Say that I have a real-valued discrete distribution $p(x)$ and $N$ samples, $x_1, \ldots, x_N$, and I want to test whether the samples came from the distribution without making any further assumptions whatsoever. Note that there are very few samples; in the application that motivated me to make this post, we have $N = 5$. Thus Kolmogorov-Smirnov and Chi-squared tests are not expected to have much power.
I had a simple idea for doing this under the assumption that one can efficiently sample from $p(x)$. Being a bit statistically naive, I'm having difficulty figuring out whether it exists in the literature or not, and hoping someone can point me to the right resource.
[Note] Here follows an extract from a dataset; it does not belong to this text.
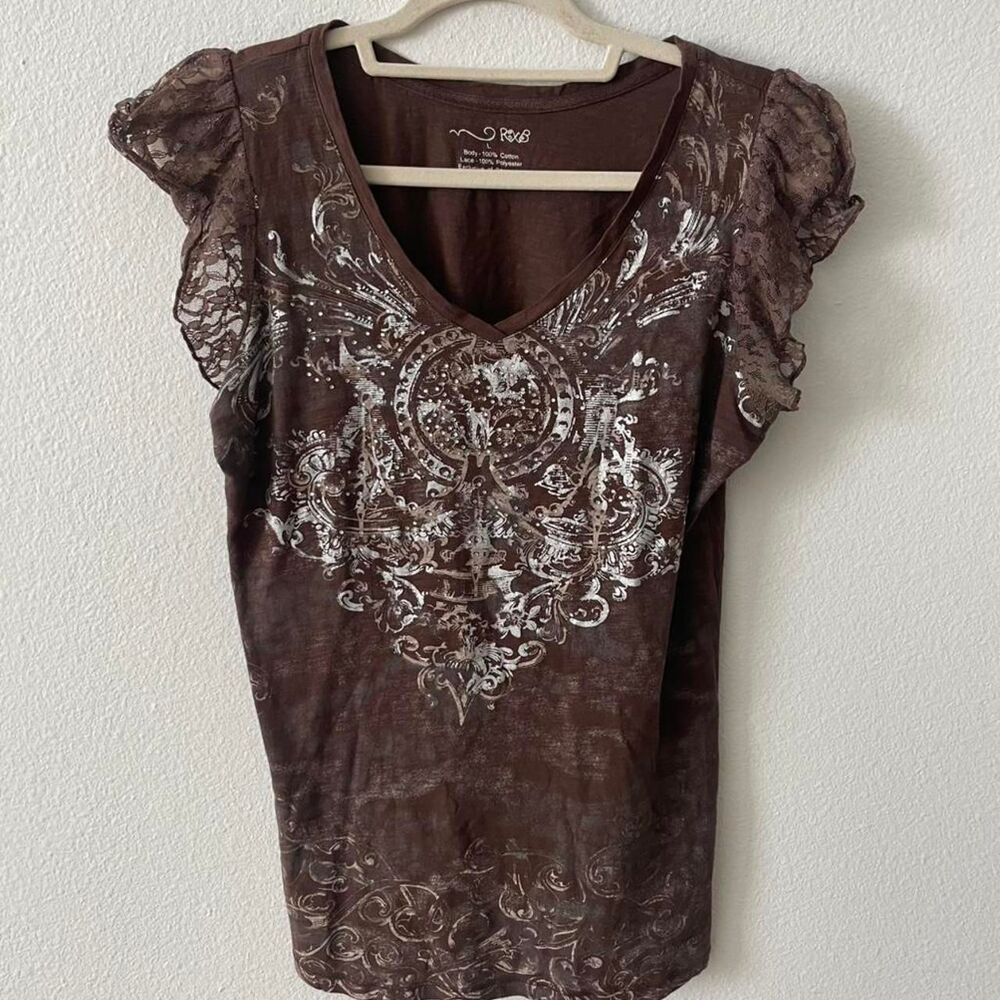 RXB Y2K Grunge Lace Tee Women's L 2000s Vintage Bella Swan Grunge Brown Paisley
The idea in a nutshell is to compare the self-information of the sample, $\hat{I}_N$, to the distribution of the self-information $I_N$ of $N$ random samples from $p(x)$. Formally, recall that the self-information of a random variable $X$ having distribution $p$ is given by
$$ I = - \log p(X), $$
and the self-information of $N$ iid random variables $X_1,\ldots X_N$ each having distribution $p(x)$ is given by
$$ I_N = -\sum_{i=1}^N \log p(X_k). $$
The self-information of the sample data we have, $x_1,\ldots,x_N$ is denoted
$$ \hat{I}_N = -\sum_{k=1}^N \log p(x_k). $$
As a test statistic one might consider $\hat{C} = C(\hat{I}_N)$, where $C(s) = \mathbb{P}(I_N < s)$ is the cumulative distribution function. If $\hat{C}$ takes a value very close to 0 or 1, then it has an extreme value compared to the distribution of $I_N$, and is unlikely to come from $p(x)$. For concreteness, we could use the standard thresholds for extreme value tests, such as 0.95 and 0.05 for the high and low ends respectively.
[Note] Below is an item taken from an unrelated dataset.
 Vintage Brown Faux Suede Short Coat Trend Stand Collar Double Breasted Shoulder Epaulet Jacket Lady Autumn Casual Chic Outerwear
As an example application of this test, say that $p(x)$ is some strange multimodal distribution with multiple humps, and the samples $x_1,\ldots,x_N$ lie in the valleys between the humps. It is not clear that there is any test suitable from the literature for such a problem, but intuitively we can see that the samples are unlikely to have come from $p(x)$ because the values of $p(x_i)$ are so small, or equivalently, the self-information $-\log p(x_i)$ is much larger than typical. In terms of the above discussion, $\hat{C}$ will be very close to 1, and the hypothesis will be rejected.
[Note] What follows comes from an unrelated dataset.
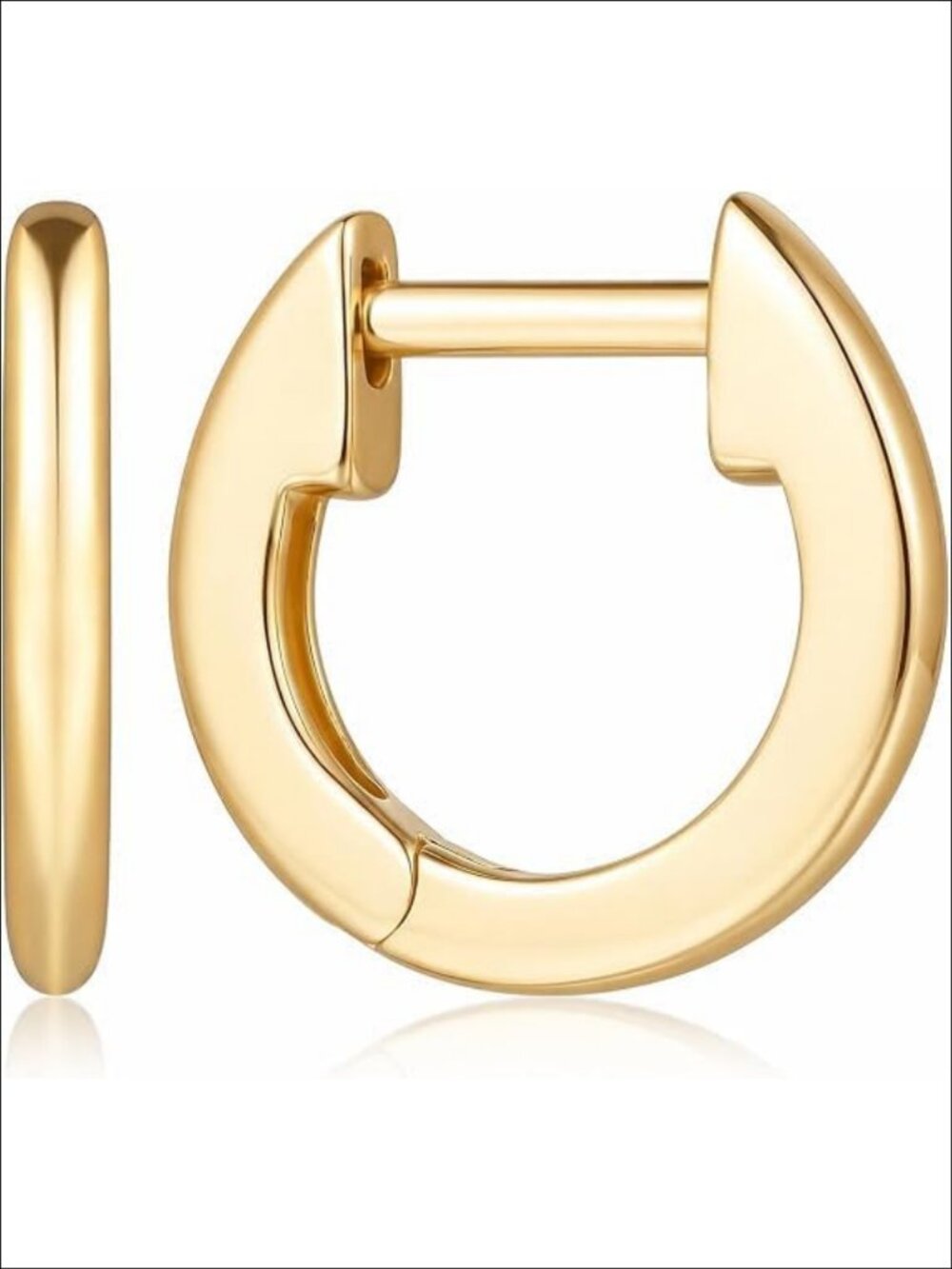 14K Gold Hoops Huggie Earrings Minimalist Everyday Women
The main problem I see with this test is that the distribution of $I_N$ may be difficult to compute. That may be, but in many cases I would imagine that a few million (or billion) Monte Carlo samples would suffice to get a good approximation of the distribution. Analytical/asymptotic approximations could be used to speed things up, get theoretical results, etc. For example, the first moment of $I_N$ is $N$ times the Shannon entropy, and higher moments could be computed without great difficulty.